Data provided:

----------

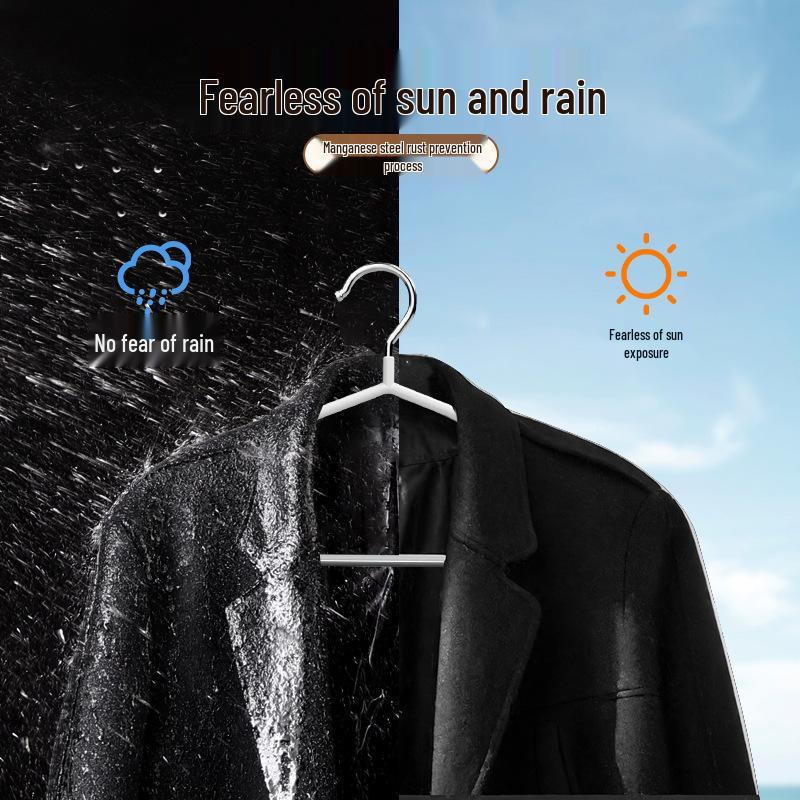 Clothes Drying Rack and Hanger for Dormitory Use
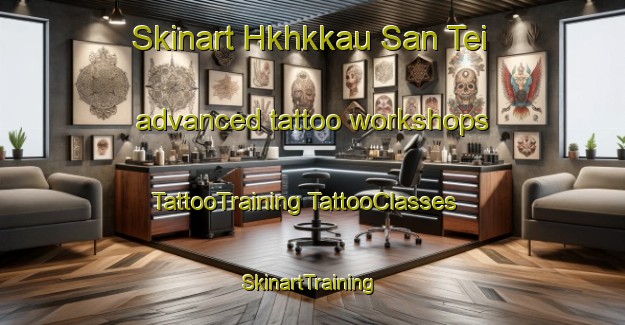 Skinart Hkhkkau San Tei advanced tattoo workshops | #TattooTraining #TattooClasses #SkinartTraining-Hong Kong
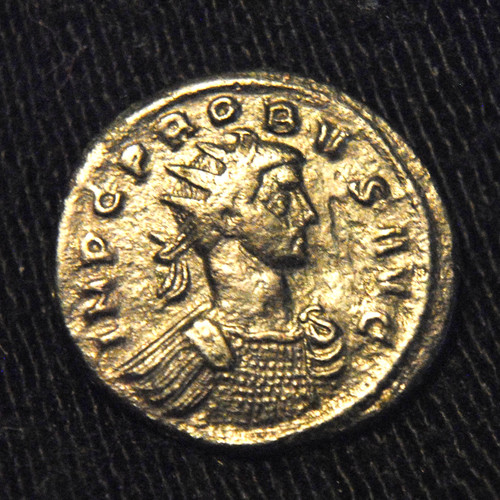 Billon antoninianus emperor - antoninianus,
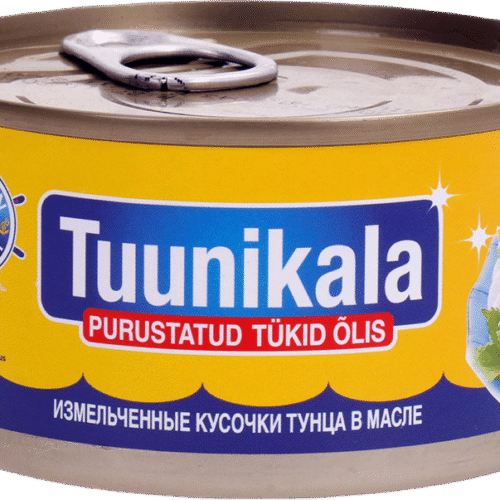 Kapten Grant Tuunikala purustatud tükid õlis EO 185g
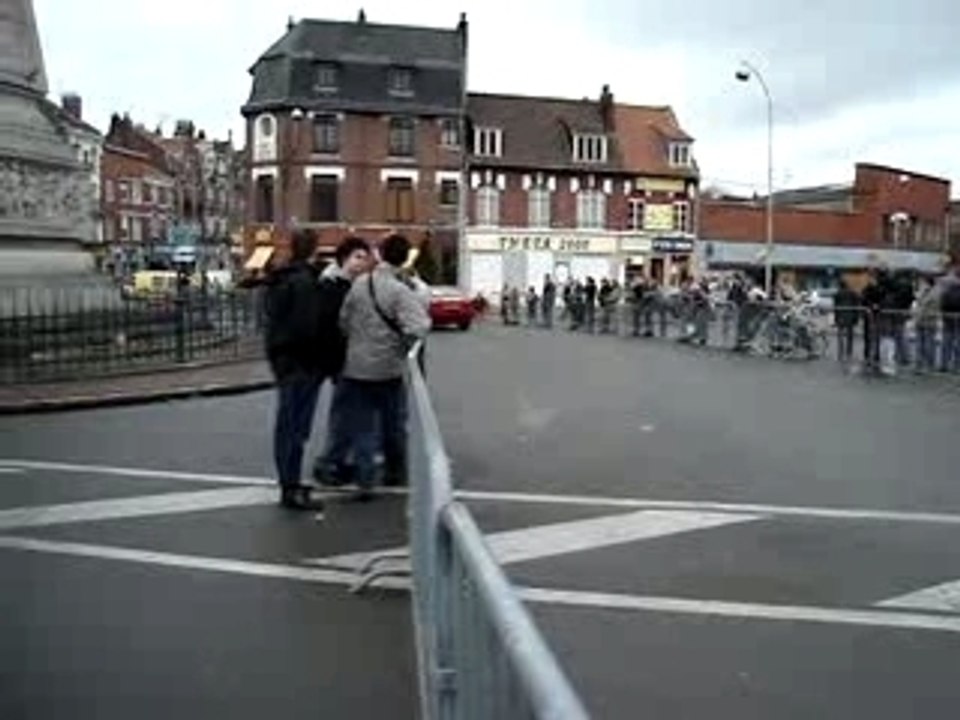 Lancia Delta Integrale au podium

----------

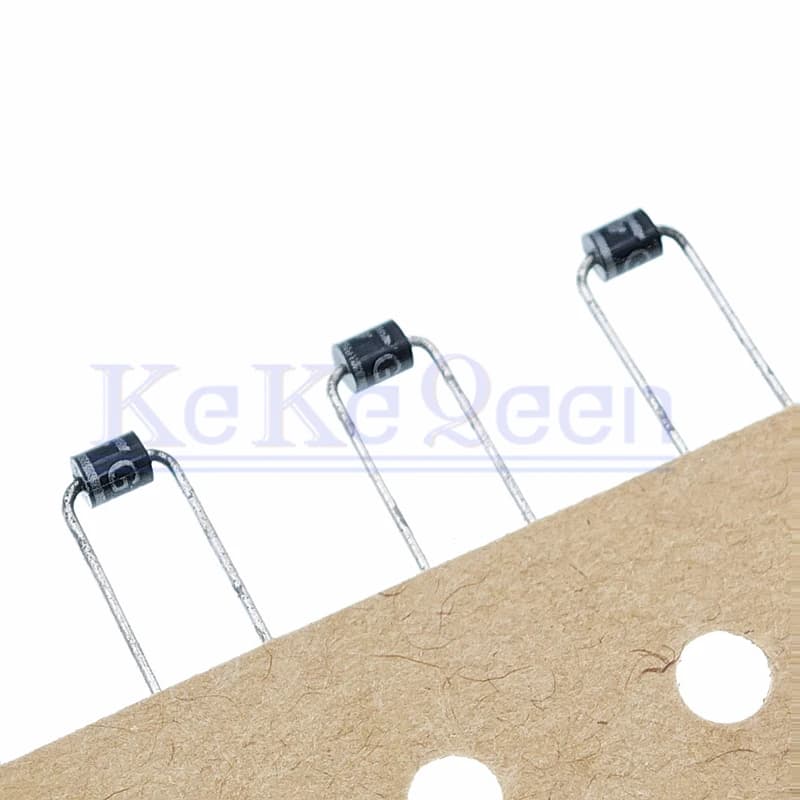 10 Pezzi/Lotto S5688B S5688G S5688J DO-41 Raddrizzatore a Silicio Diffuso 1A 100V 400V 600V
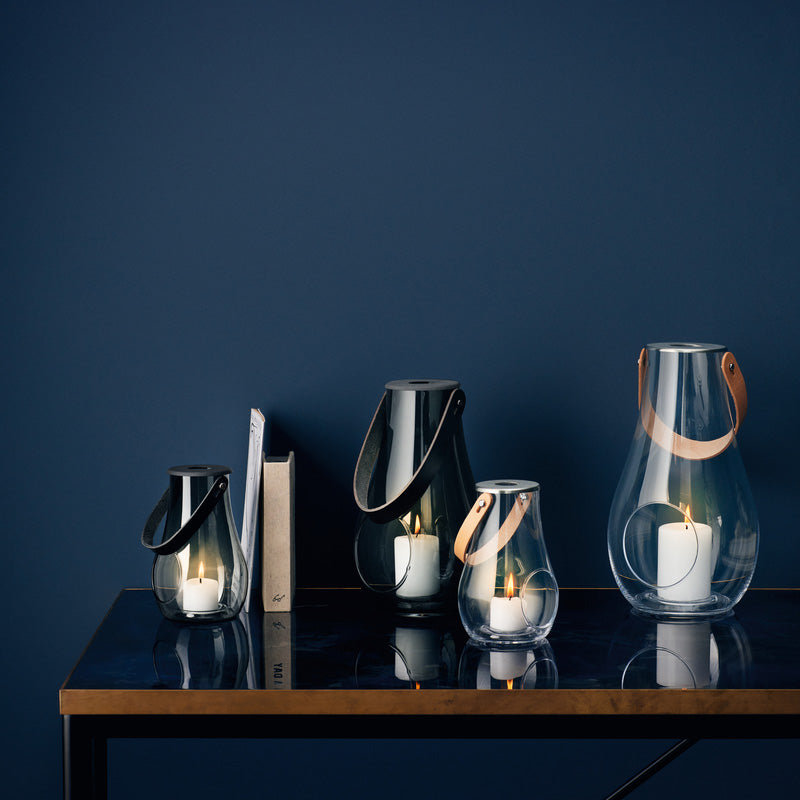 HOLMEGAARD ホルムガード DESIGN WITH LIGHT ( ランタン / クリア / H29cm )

----------

Problem to work on: Beginning at the line above that contains "Skinart Hkhkkau San" and going on through the line that contains "Lancia Delta Integrale au podium", please copy every line exactly, leaving the pictures out and adding nothing.

Final answer:
 Skinart Hkhkkau San Tei advanced tattoo workshops | #TattooTraining #TattooClasses #SkinartTraining-Hong Kong
 Billon antoninianus emperor - antoninianus,
 Kapten Grant Tuunikala purustatud tükid õlis EO 185g
 Lancia Delta Integrale au podium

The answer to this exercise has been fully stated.